Cari tanda-tanda seperti ruam kulit, pucat, nyeri ketok costovertebral angle (CVA),
pembengkakan sendi . Pemeriksaan neurologis yang tidak normal, gangguan kesadaran.
c) Pemeriksaan Penunjang
Urinalisa
Jumlah urin biasanya berkurang dan berawarna gelap atau coklat (seperti air cucian daging).
Hematuria biasanya terdapat pada hampir semua pasien dapat secara makroskopik maupun
mikroskopik. Toraks eritrosit didapatkan pada 60-85% kasus yang menunjukkan adanya
perdarahan glomerulus. Pada penderita GNAPS mungkin pula memberikan gejala-gejala
leukosituria, toraks hialin dan torak glomeruler. Proteinuria biasanya tidak melebihi +2. Pada
kasus proteinuria +3 harus dipertimbangkan adanya gejala sindroma nefrotik. Bila lebih dari 6
bulan masih terdapat proteinuria, disebut proteinuria persisten yang menunjukkan suatu
glomerulonefritis kronik sehingga memerlukan biopsi ginjal untuk membuktikannya.

Fungsi ginjal

LFG pada umumnya berkurang dan pengurangan ini biasanya sejajar dengan beratnya kerusakan
secara histologis. Menurunnya LFG terjadi akibat tertutupnya permukaan glomerulus dengan
deposit kompleks imun. Kadar ureum dan kreatinin serum umumnya meningkat pada fase akut
tetapi kemudian akan kembali normal. Pada sejumlah kecil kasus dapat disertai azotemia berat
disertai peningkatan fosfat, hiperkalemia, hipokalsemia dan asidosis metabolik

Darah

Anemia normokrom normositer dapat terjadi yang disebabkan hemodilusi. Beberapa peneliti
melaporkan adanya pemendekan masa hidup eritrosit, trombositopenia, peningkatan fibrinogen,
faktor VIII dan aktivasi plasmin. Jumlah leukosit pada umumnya normal atau dapat pula sedikit
meningkat dan jumlah trombosit pada umumnya normal. Laju endap darah (LED) pada
umumnya meninggi pada fase akut dan menurun sesudah gejala klinik menghilang.

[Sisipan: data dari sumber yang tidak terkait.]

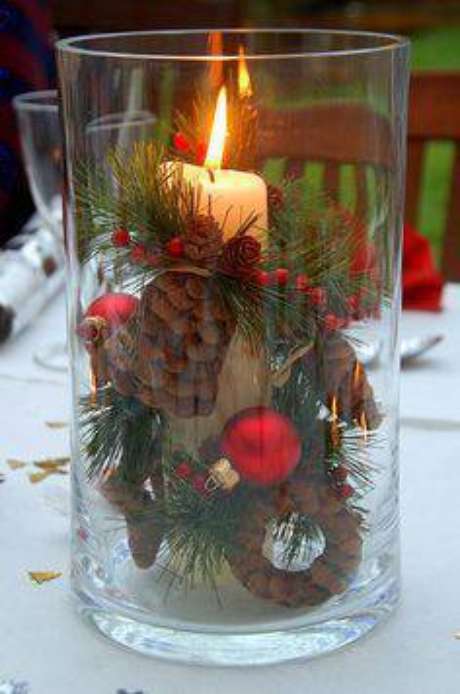 43- Uma vela decorada é uma ótima opção de mimo de natal 43- Uma vela decorada é uma ótima opção de mimo de natal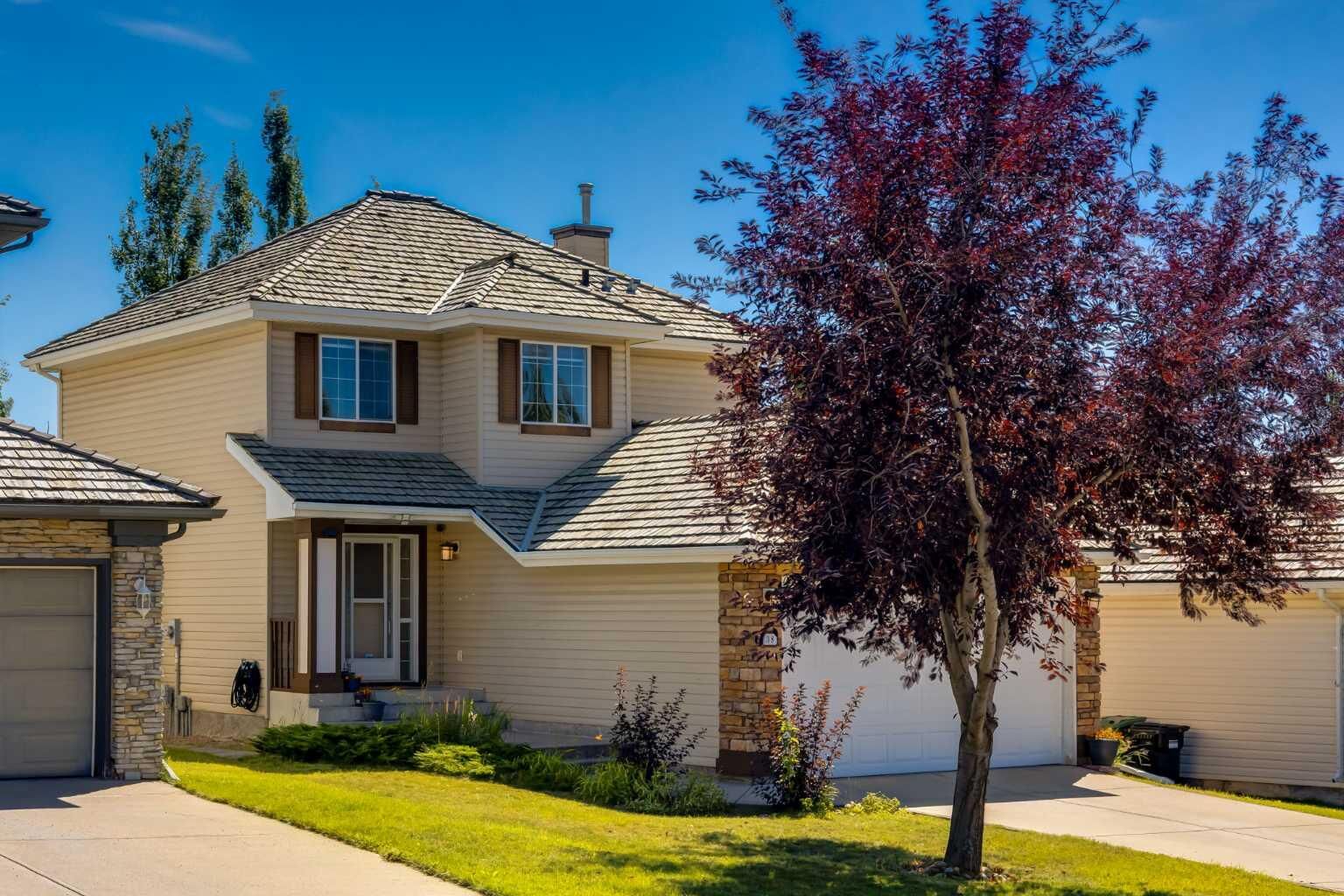 Property Photo:  38 Spring Crescent SW  AB T3H 3V2 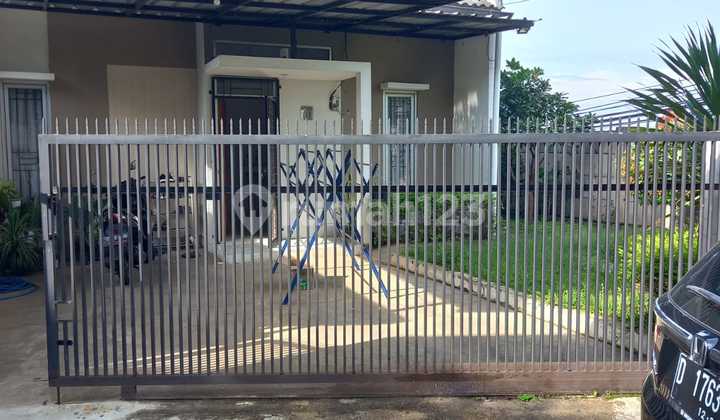 House in Jatihandap Cicaheum Bandung Within Hook Complex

Walaupun
demikian LED tidak dipakai sebagai parameter sembuhnya GNAPS karena terdapat kasus-kasus
GNA dengan LED tinggi walaupun gejala-gejala klinik sudah tidak ada.
Kadar albumin dan protein total serum pada umumnya sedikit menurun yang disebabkan proses
dilusi. Menurunnya kadar albumin serum berbanding terbalik dengan jumlah deposit imun
kompleks pada mesangial glomerulus.

Bakteriologi

Pemeriksaan bakteriologi penting untuk mengisolasi dan mengidentifikasi kuman streptokokus.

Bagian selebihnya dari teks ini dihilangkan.